Die KRÜ Esports stellt ihr Counter-Strike-Engagement vorerst ein. Die von den Fußballstars Lionel Messi und Sergio Agüero unterstützte Organisation hat bestätigt, dass alle Spieler freigestellt wurden und das CS-Projekt pausiert. Der Schritt erfolgt weniger als zwei Jahre nach dem Einstieg in die Szene.

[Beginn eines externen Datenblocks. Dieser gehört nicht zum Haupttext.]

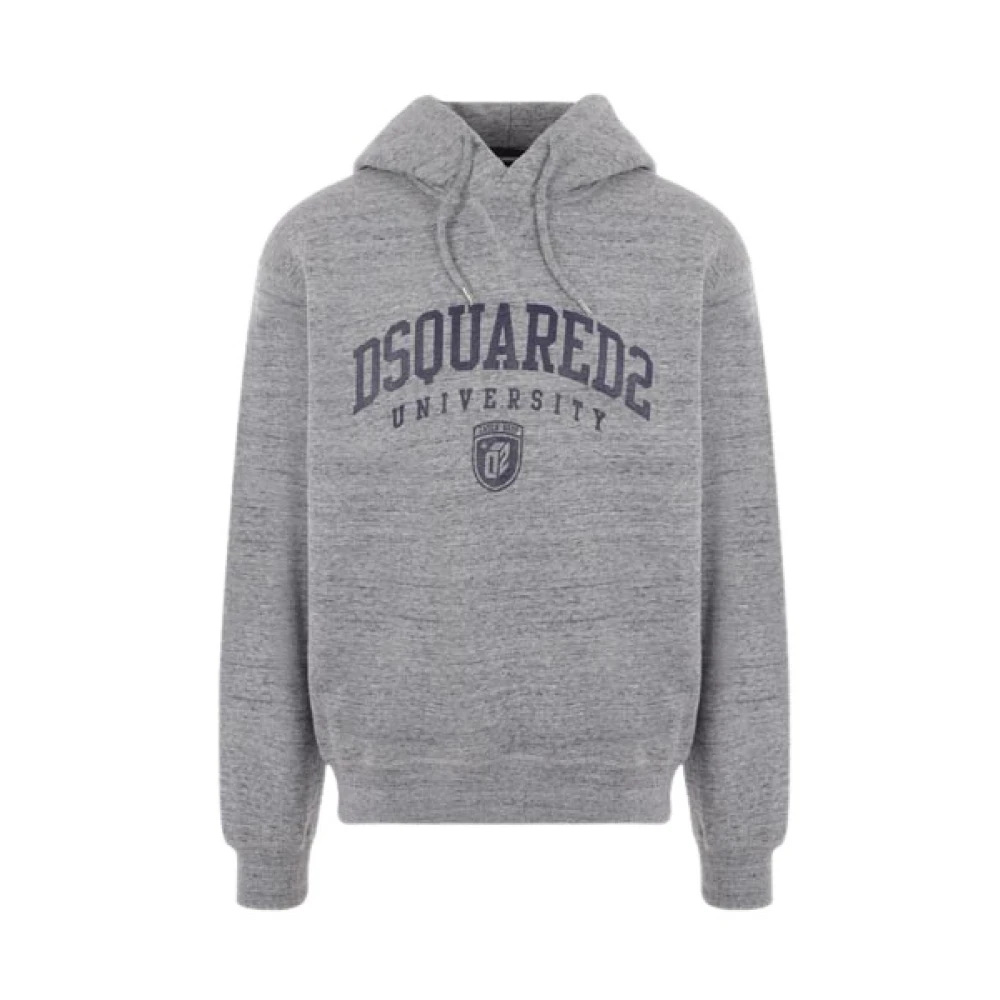 Dsquared2 Grijze University Logo Hoodie Gray Heren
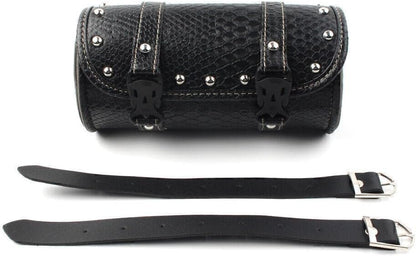 ya 11 9.14 baidiTool Bag Fork Handlebar Saddlebag Roll Barrel Pouch Leather Motorcycle Universal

Strategische Neuausrichtung statt kompletter Rückzug

In einer Stellungnahme begründet KRÜ die Entscheidung mit den strukturellen Veränderungen rund um das Valve Ranking System (VRS). Das neue System hat den Wettbewerb im Tier-2- und Qualifier-Bereich spürbar verändert und erhöht den Druck auf Organisationen, frühzeitig konstante Ergebnisse zu liefern, um relevante Startplätze und Einladungen zu sichern.

Lionel Messis CS Team wird auf Eis gelegt

KRÜ betont, dass es sich nicht um einen endgültigen Ausstieg handelt. Vielmehr wolle man das Projekt neu bewerten, organisatorische Grundlagen überarbeiten und zu einem späteren Zeitpunkt mit besseren sportlichen und strukturellen Voraussetzungen zurückkehren.

Ambitionierter Einstieg ohne sportlichen Durchbruch

KRÜ war 2024 in Counter-Strike eingestiegen und wollte die starke Marke aus VALORANT auch im CS-Ökosystem etablieren. Trotz namhafter Unterstützung blieb der erhoffte Durchbruch jedoch aus. Die Teilnahme beschränkte sich überwiegend auf CCT-Turniere sowie offene Qualifikationen, ohne nachhaltige Erfolge oder konstante Platzierungen auf internationalem Niveau.

Gerade im neuen VRS-Umfeld erwies sich diese Ausgangslage als problematisch. Ohne tiefen Turnierläufen fehlten entscheidende Ranking-Punkte, was die Planungssicherheit weiter erschwerte.

Ein Symptom des aktuellen CS-Marktes

Der Schritt von KRÜ reiht sich in einen größeren Trend ein. Das aktuelle Counter-Strike-Ökosystem verlangt langfristige Investitionen, Geduld und sportliche Stabilität – Faktoren, die gerade für neue oder aufstrebende Organisationen schwer zu vereinen sind. Das VRS-System verstärkt diesen Effekt, da kurzfristige Experimente kaum Spielraum lassen.

Organisationen stehen damit vor der Wahl: Entweder ein langfristiges Aufbauprojekt mit ungewissem Return oder ein bewusster Rückzug, um Ressourcen zu bündeln.

Blick nach vorn

Für KRÜ Esports bedeutet die Pause die Möglichkeit, Strukturen zu überdenken und den Markt neu zu bewerten. Die Organisation bleibt in anderen Disziplinen weiterhin aktiv und erfolgreich positioniert. Ob und wann eine Rückkehr in Counter-Strike erfolgt, ist offen – hängt jedoch maßgeblich davon ab, wie sich das VRS-System etabliert und ob sich nachhaltige Einstiegspunkte ergeben.

Fest steht: Das Messi- und Agüero-Projekt in CS endet vorerst leise, ist aber nicht endgültig Geschichte.